Karanfil yazgımızı koparmış bir el
Şehrin en güzel sokağından.
Ankara'nın henüz Ankara olduğu vakitlerde
Boyuna işliyor zaman.
Şimdilerde kentsel bir telaş aldı başını gidiyor.
Biz seninle, hiç yoktan yaşamı duyumsuyoruz
Kırmızı radyonun içinde, cızırtılı bir ses varlığımız.
Sonra kesiyorlar ağaçları.
Yeşile ellerimizden ölüm içiriyoruz.
Biraz kara serpiyoruz yaşama
Karanlıktan ruhu buz kesiyor çocukların.
Çocukları öpüyoruz sokak kokulu boyunlarından,
İnce, çelimsiz omuzlarından.
Kışı, soğuğu akıtmış burunlarından. 
Bu havalar merhametsiz diyorum sana.
Kırmızı radyo bozuluyorsa hiç yoktan, Aralık'ın oyunu hep.
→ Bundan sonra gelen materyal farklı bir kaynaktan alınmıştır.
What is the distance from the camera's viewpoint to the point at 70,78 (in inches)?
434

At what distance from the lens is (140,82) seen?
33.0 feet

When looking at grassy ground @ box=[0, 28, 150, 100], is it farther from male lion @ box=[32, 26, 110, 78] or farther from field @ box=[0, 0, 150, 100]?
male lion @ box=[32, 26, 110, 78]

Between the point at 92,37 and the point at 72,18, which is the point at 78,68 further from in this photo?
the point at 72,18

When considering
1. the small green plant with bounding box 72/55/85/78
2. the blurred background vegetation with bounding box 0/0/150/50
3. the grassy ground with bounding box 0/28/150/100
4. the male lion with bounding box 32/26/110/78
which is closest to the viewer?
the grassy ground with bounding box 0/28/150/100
Zemheriler yine birikiyor eski bir paltoda,
Sen hiç yoktan zemheriler kuşanıyorsun.
Ellerin soğuyor önce
Sonra seni uzağa dikiyorlar bir yazın sıcağından.
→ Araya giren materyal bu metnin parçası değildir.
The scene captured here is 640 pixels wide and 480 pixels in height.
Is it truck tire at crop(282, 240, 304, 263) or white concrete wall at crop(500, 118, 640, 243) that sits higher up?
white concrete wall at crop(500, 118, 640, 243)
Ben kırmızı radyoda, seni fısıldıyorum.
Nihayetsiz yaşamların şarkısı oluyor adın
Bağrından hançerlenmiş eski bir dost
Gelmeyecek olanların treni 
Yahut kırmızı radyonun kehaneti diye sesleniyorlar sana
İnsanlar merhametsiz demiştin bana.
İnsanları hatırlamak zihnimin kara büyüsü,
Yokluğunun kırkıncı mumu şiddetli bir yangına evrildi çoktan
Bazı karanlıklar dirençsiz acıya.

Ben orada, kırmızı radyoda
İçli bir türküyüm artık,
Bağır beni uzağın diyarına.

2 yorum:

  1. Kaybedilenlerin kırkıncı mumlarına kırmızı radyodan çalan ağıdın eşlik etmesi güzeldi. Teşekkürler.